(Web page caption snippets)
▬▬▬▬▬▬
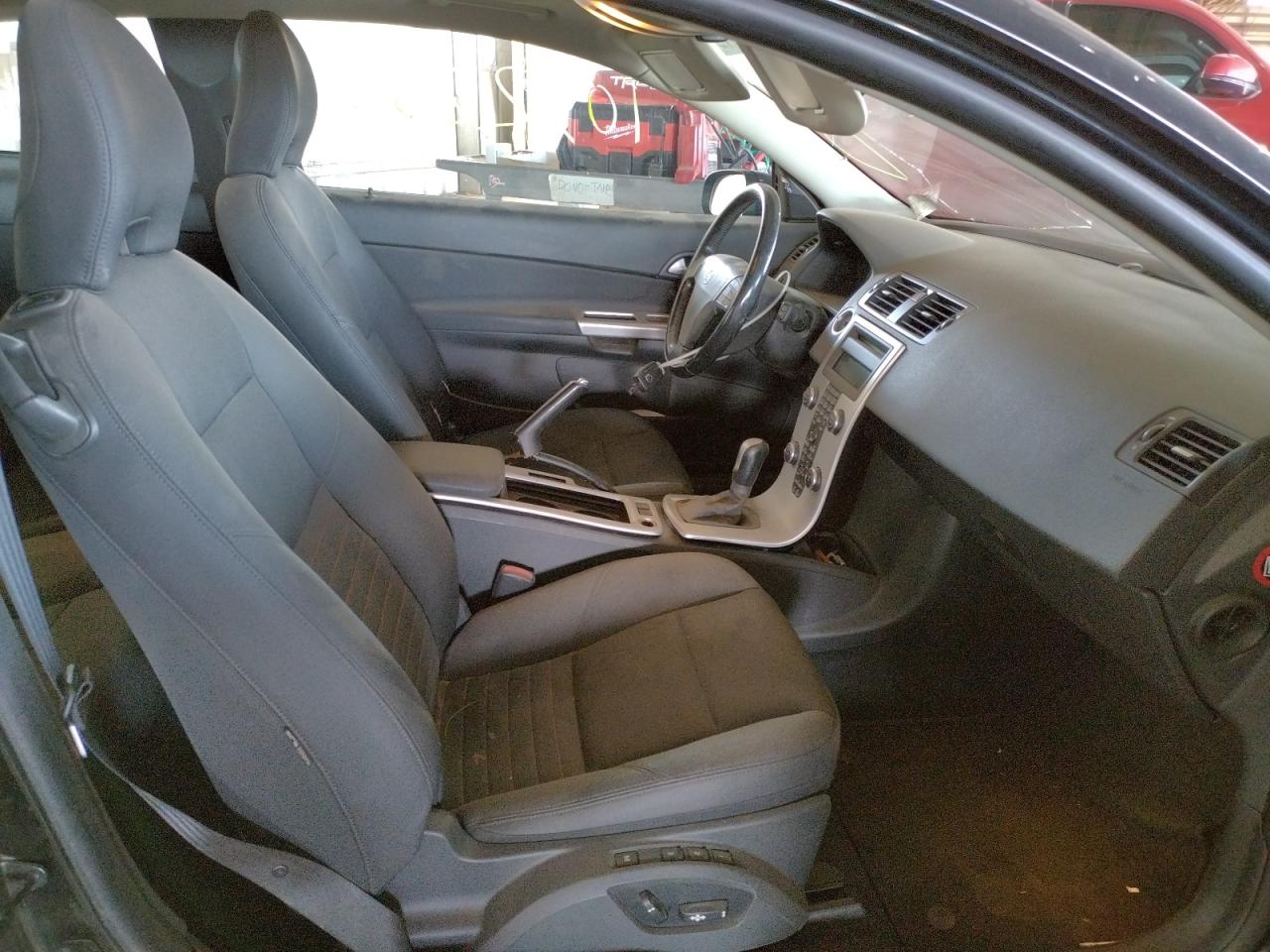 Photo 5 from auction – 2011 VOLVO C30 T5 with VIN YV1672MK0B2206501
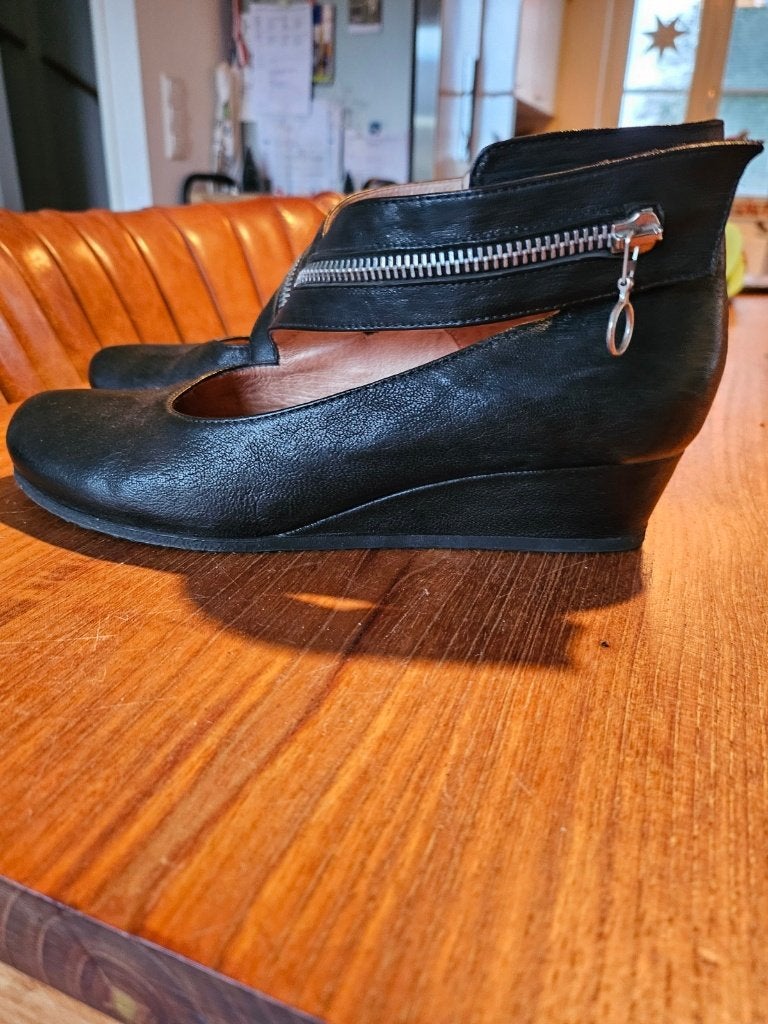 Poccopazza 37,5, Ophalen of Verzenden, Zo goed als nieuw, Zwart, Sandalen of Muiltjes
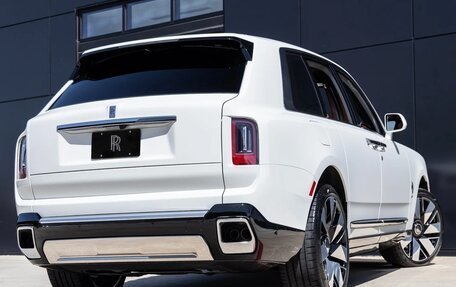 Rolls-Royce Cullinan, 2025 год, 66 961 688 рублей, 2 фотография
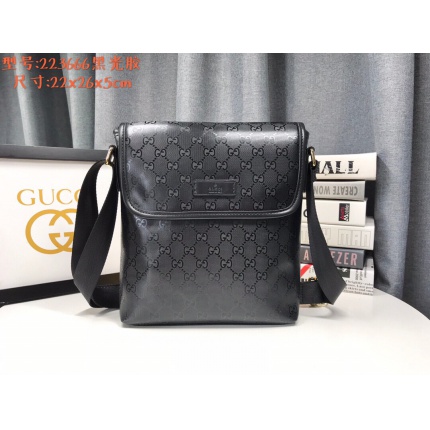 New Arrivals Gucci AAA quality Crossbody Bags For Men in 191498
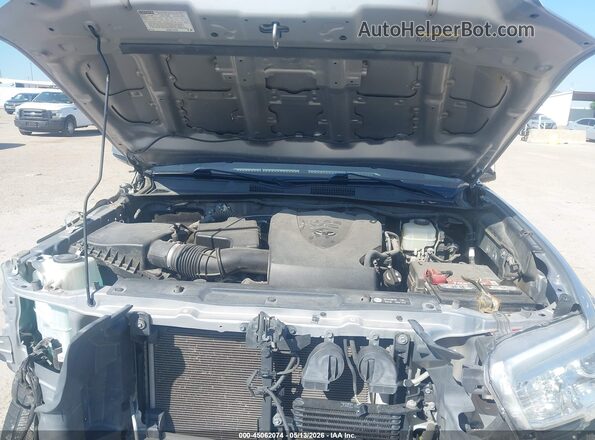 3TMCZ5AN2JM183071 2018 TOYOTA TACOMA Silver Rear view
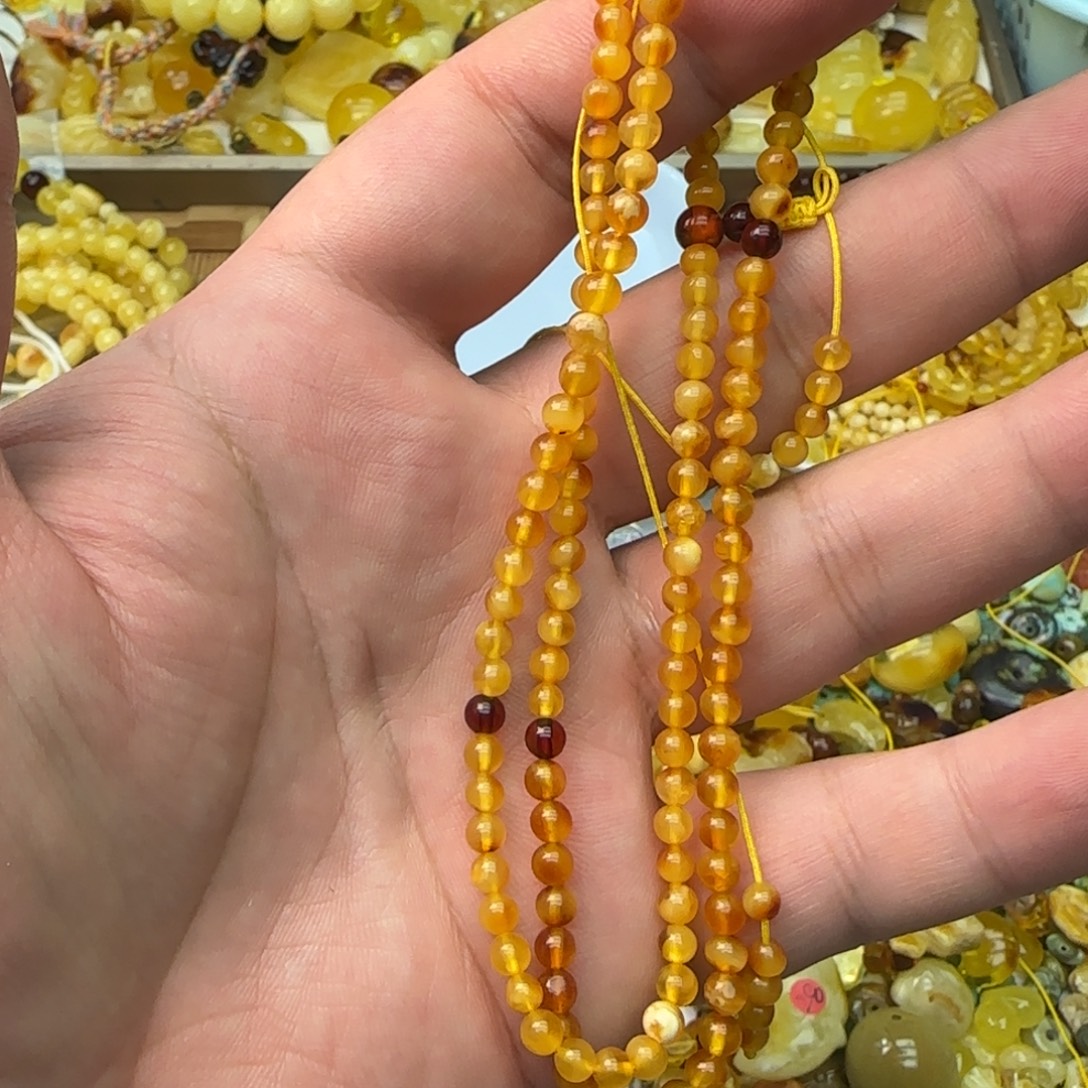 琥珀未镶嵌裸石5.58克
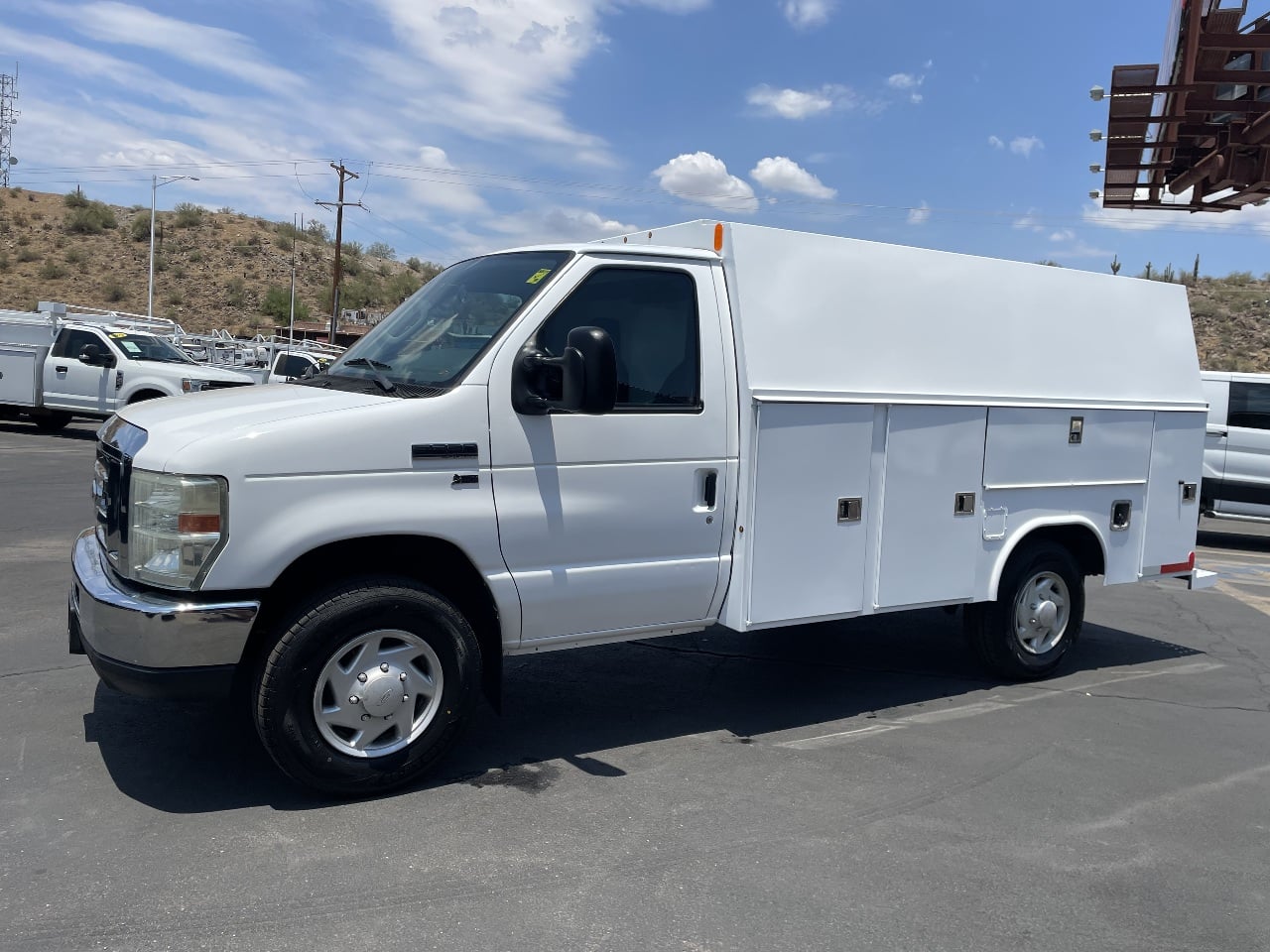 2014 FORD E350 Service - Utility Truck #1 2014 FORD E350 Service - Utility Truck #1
▬▬▬▬▬▬
What is needed =
A faithful copy of all the lines above is needed, with the pictures omitted.

Result =
 Photo 5 from auction – 2011 VOLVO C30 T5 with VIN YV1672MK0B2206501
 Poccopazza 37,5, Ophalen of Verzenden, Zo goed als nieuw, Zwart, Sandalen of Muiltjes
 Rolls-Royce Cullinan, 2025 год, 66 961 688 рублей, 2 фотография
 New Arrivals Gucci AAA quality Crossbody Bags For Men in 191498
 3TMCZ5AN2JM183071 2018 TOYOTA TACOMA Silver Rear view
 琥珀未镶嵌裸石5.58克
 2014 FORD E350 Service - Utility Truck #1 2014 FORD E350 Service - Utility Truck #1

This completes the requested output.